Dataset items

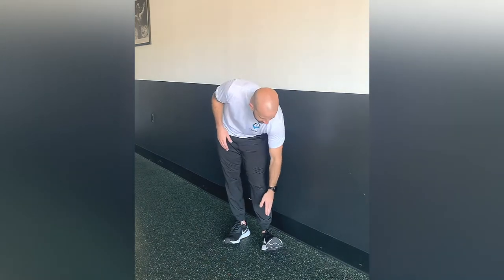This exercise is standing toe raises. This is going to be strengthening the anterior tibialis along the tibia, or the shin bone.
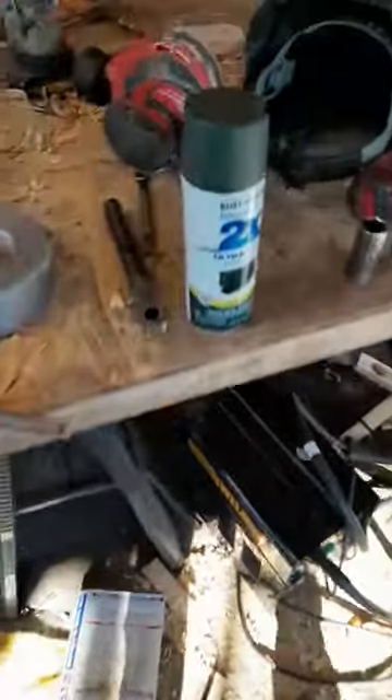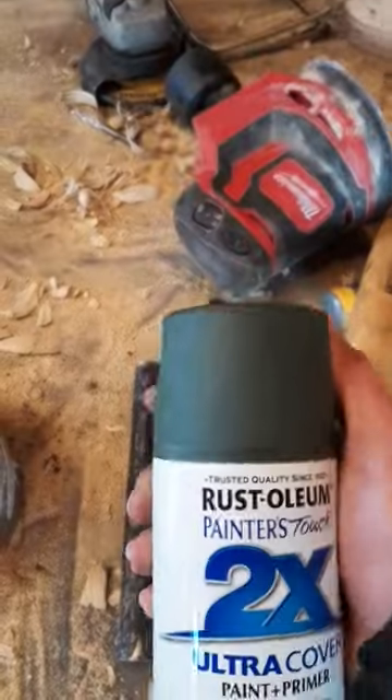First thing I'm gonna do is take off these reef fenders — they just got primer on them right now and a bunch of rust, which does look cool with the whole rat rod look. But I think I'm gonna go with some satin green, maybe matte green. We'll see how it looks.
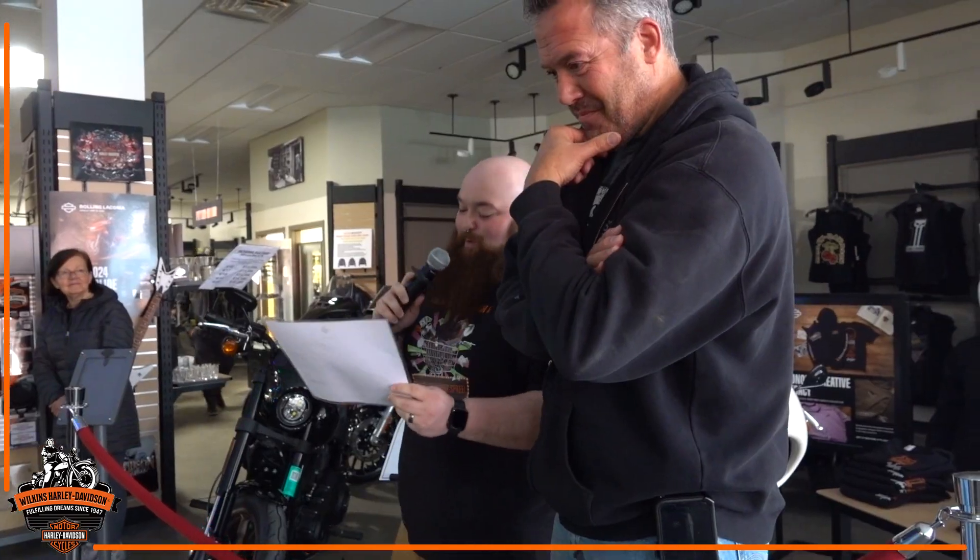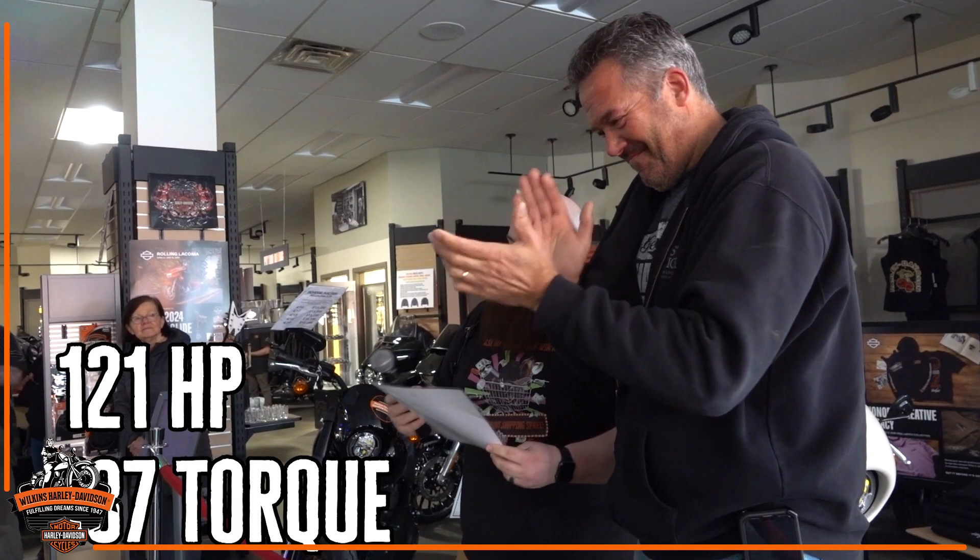I think it's amazing. With that said, we started off this 114 build with about 97 horsepower and about 117 torque. We finished with a monstrous 121 horsepower and 137 torque.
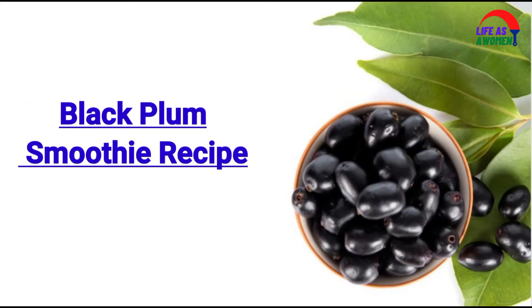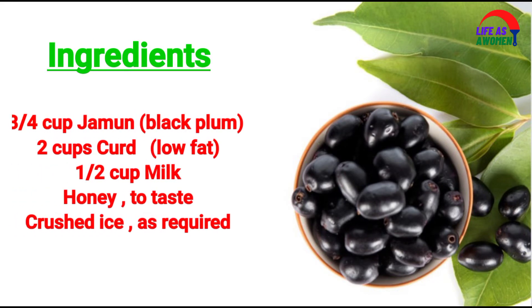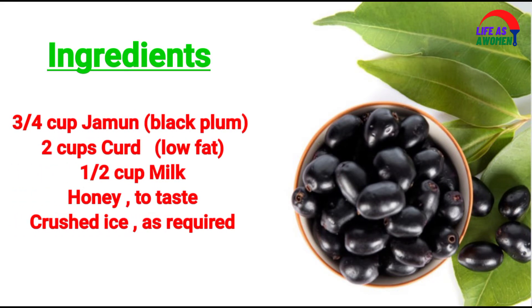Black Plum Smoothie Recipe. Ingredients: 3 quarters cup jamun (black plum), deseeded; 2 cups curd (dahi/yogurt), low fat; 1 cup milk; honey to taste; crushed ice as required.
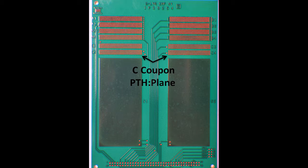The C coupon measures plated through hole to plane CAF resistance over distances ranging from 5 to 12 mils. This test coupon is most likely to identify registration problems, prepreg underfill, or challenge core to prepreg adhesion.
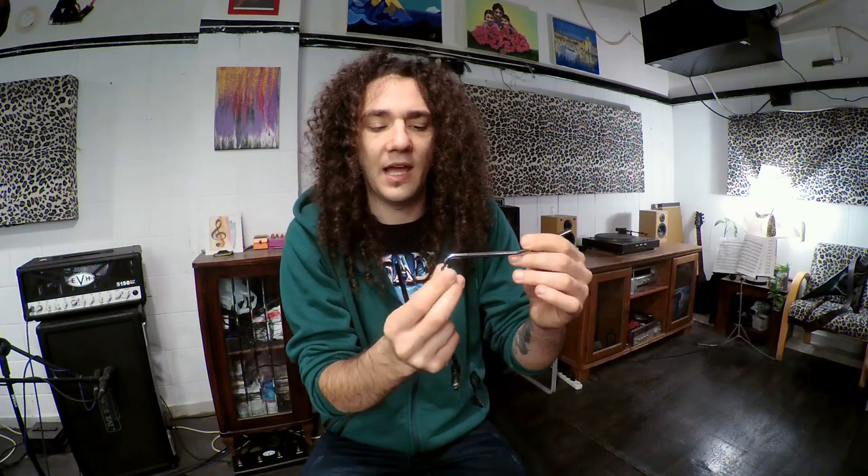I ordered a couple of bars from Floyd Rose and it took a long time to arrive, so I also ordered a couple from Schaller. When I ordered from Schaller I noticed they wrote they have a new design — that it lets you determine how stiff the arm is, or something like that. So it got me intrigued.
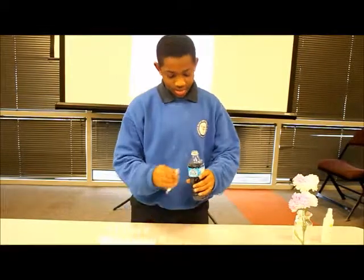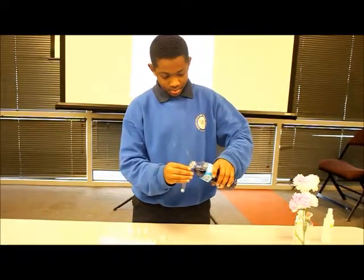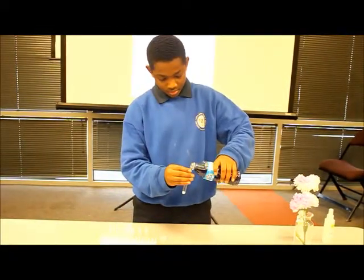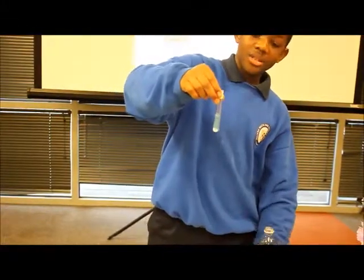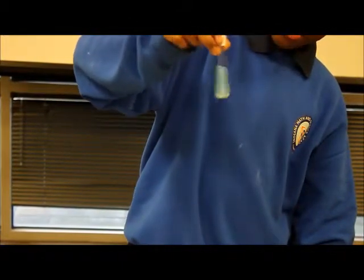First up, baking soda. As you can see, it just stays blue.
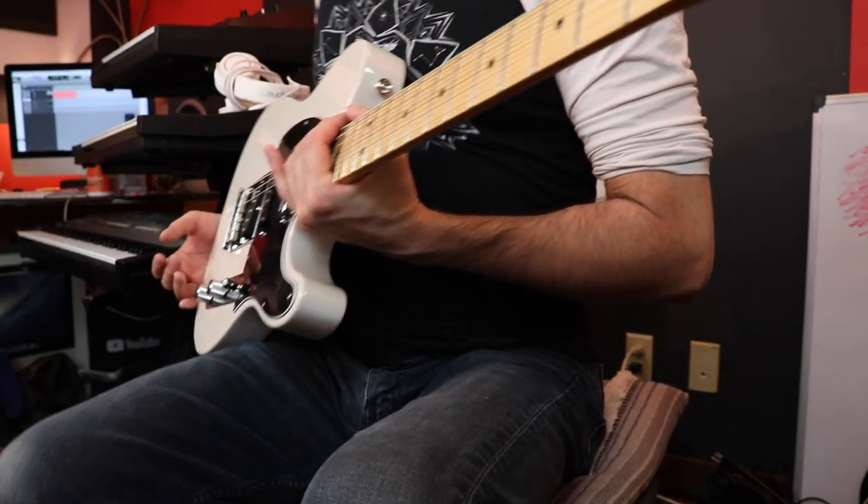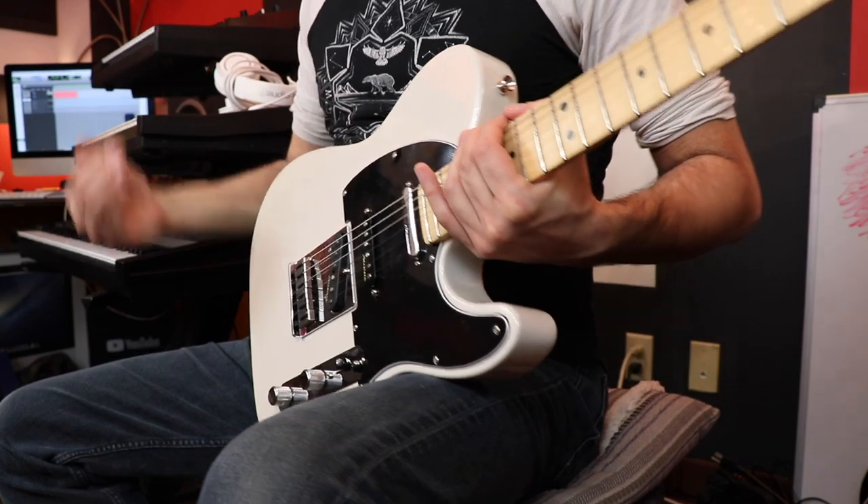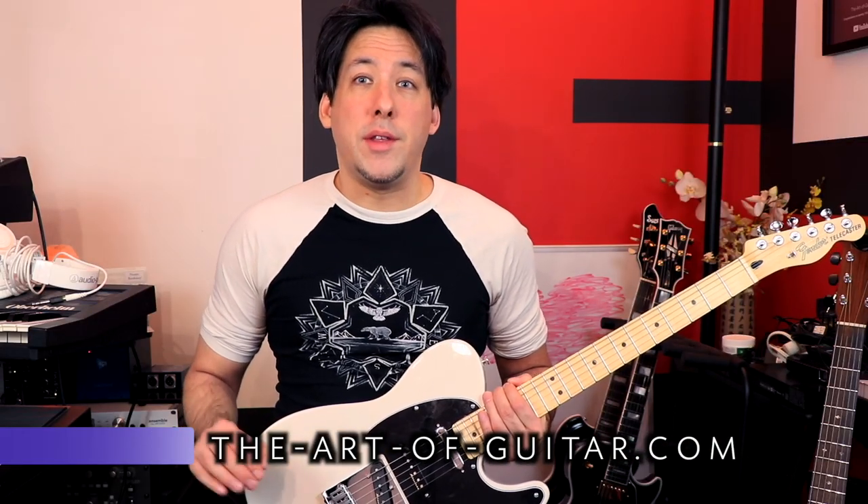So I decided to try something I'd avoided for a long time, which is to put the guitar on the other leg. I just went like this when I was experimenting to try to heal my back, and I practiced like this for a couple days — and it made all the difference.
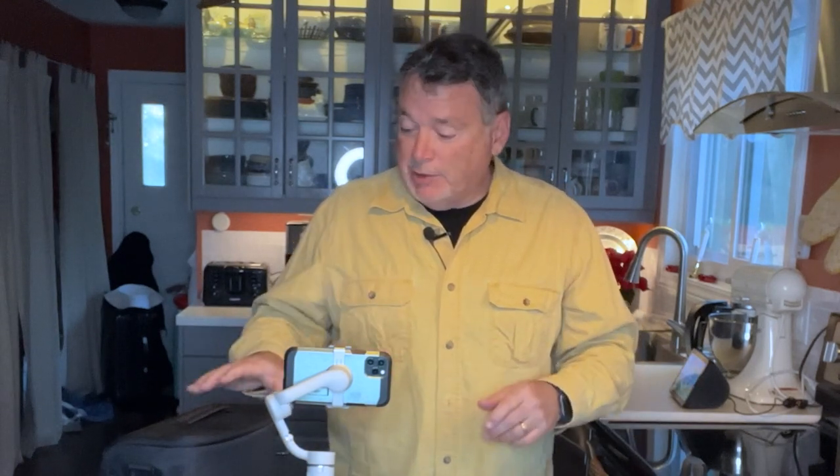Hey everyone, Joe Brady here and welcome to Monday Morning Coffee. I'm preparing for a vacation trip tomorrow — no workshop, just going out and having a good time relaxing on a cruise in warmer weather. Since it's not a landscape workshop, I still wanted to have all the photographic and video equipment to capture cool stuff, but it had to travel small.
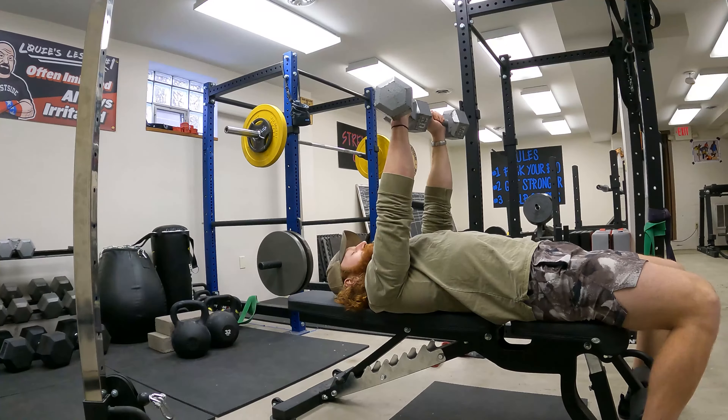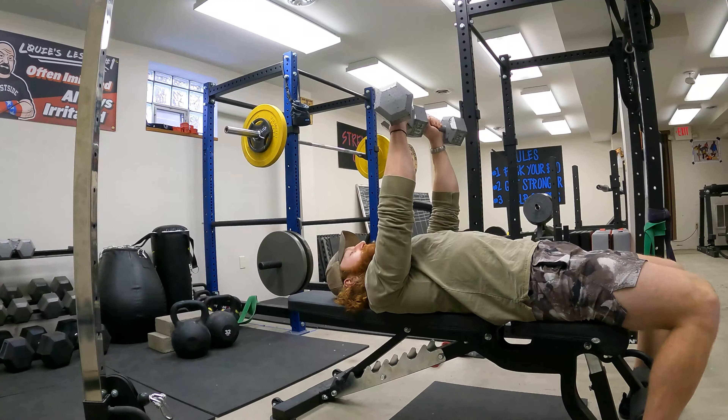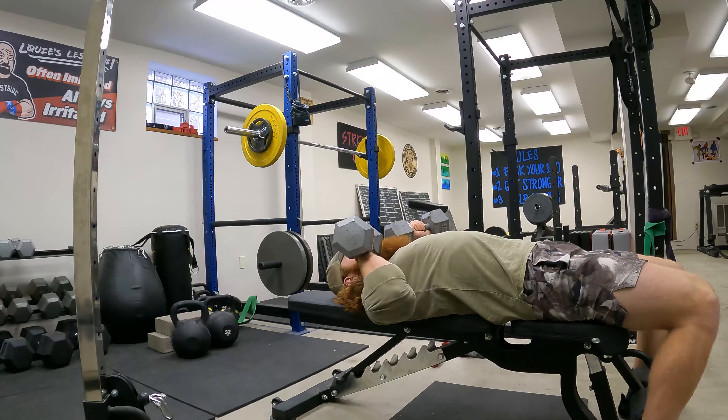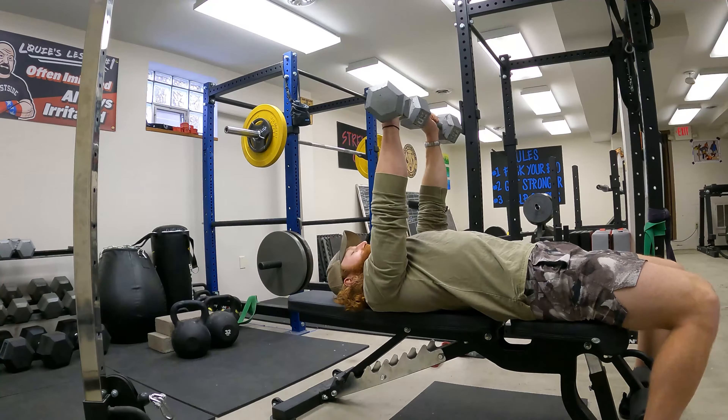We're going to take the dumbbells over our sternum and v-line them straight to the neck and let the forearm bunch up into the bicep. A lot of tension in the elbows, as far down as you can, then press back up towards the sternum.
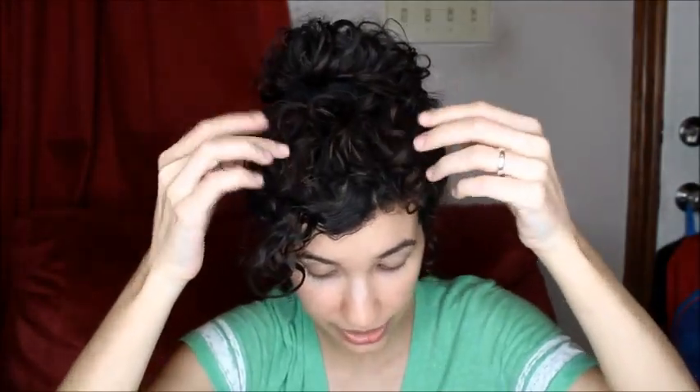You can dress it up — you can put a headband if you want, or you can bobby pin it. And the pieces that are here, my little curls, since I left some out when I did my bun, you can pin them how you want if you don't want them to show, or you can leave them hanging.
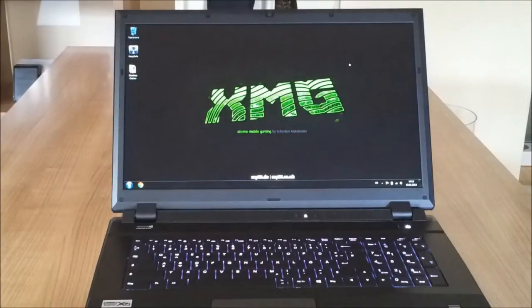Here we are at the screen. What we have here is a 17.3-inch full HD LED backlit screen, which is offered in a glossy or non-glossy finish. In this case I chose the matte screen. I prefer the matte screen because in my opinion it's way better to work with — there are no disturbing reflections when you're playing outside or in a bright room. The 1920x1080 resolution ensures a sharp picture and an awesome gaming experience.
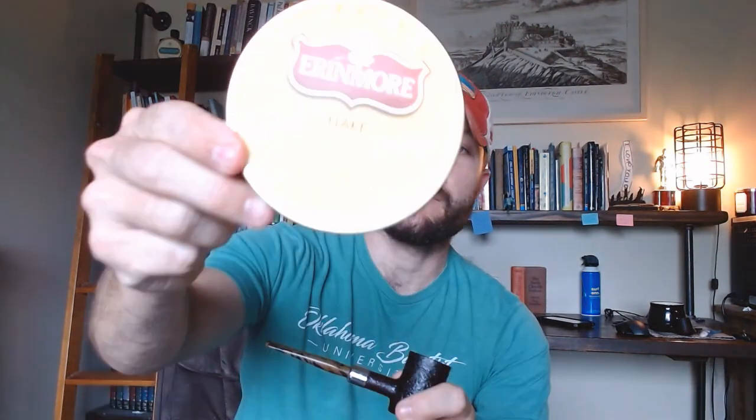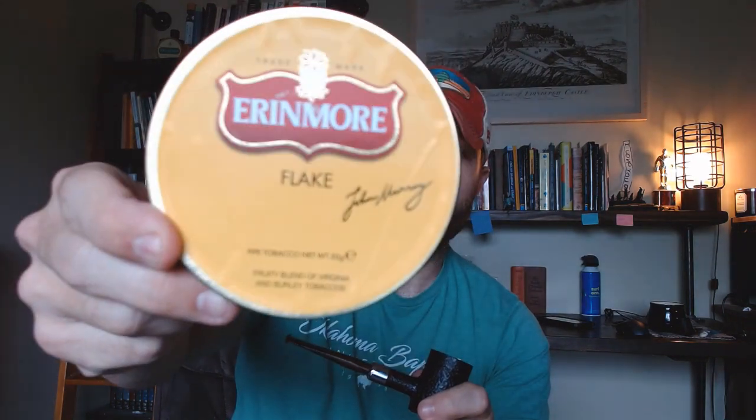Welcome back, pipe smokers, to the Spurgeon Piper. This is Wilson with you. Today for our Friday tobacco review we are covering Erinmore Flake. Erinmore Flake has been around for quite a while — the recipe, from what I understand, has been around for well over a century. It's one that's been on my radar for quite some time and I finally picked some up.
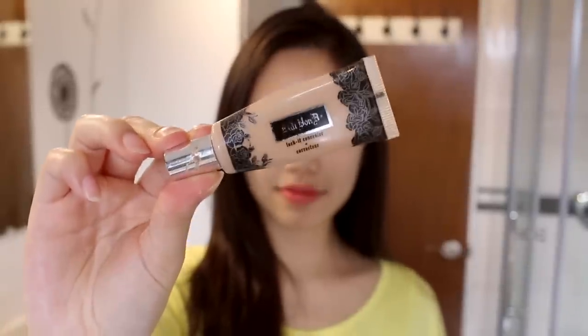Hey guys, hello! Today I have a very fun Halloween look for you guys. If you've watched a Korean drama or any Asian drama, there's always that evil mom kind of sassy antagonist, and so today I'm mimicking that look.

== DESCRIPTION OF THE TASK ==
Exactly the lines starting at the one above with "I think it's" and ending at the one with "Hey everyone, Joe" should be printed, and nothing else. Omit the pictures.

== WORKED SOLUTION ==
I think it's amazing. With that said, we started off this 114 build with about 97 horsepower and about 117 torque. We finished with a monstrous 121 horsepower and 137 torque.
Black Plum Smoothie Recipe. Ingredients: 3 quarters cup jamun (black plum), deseeded; 2 cups curd (dahi/yogurt), low fat; 1 cup milk; honey to taste; crushed ice as required.
The C coupon measures plated through hole to plane CAF resistance over distances ranging from 5 to 12 mils. This test coupon is most likely to identify registration problems, prepreg underfill, or challenge core to prepreg adhesion.
I ordered a couple of bars from Floyd Rose and it took a long time to arrive, so I also ordered a couple from Schaller. When I ordered from Schaller I noticed they wrote they have a new design — that it lets you determine how stiff the arm is, or something like that. So it got me intrigued.
First up, baking soda. As you can see, it just stays blue.
So I decided to try something I'd avoided for a long time, which is to put the guitar on the other leg. I just went like this when I was experimenting to try to heal my back, and I practiced like this for a couple days — and it made all the difference.
Hey everyone, Joe Brady here and welcome to Monday Morning Coffee. I'm preparing for a vacation trip tomorrow — no workshop, just going out and having a good time relaxing on a cruise in warmer weather. Since it's not a landscape workshop, I still wanted to have all the photographic and video equipment to capture cool stuff, but it had to travel small.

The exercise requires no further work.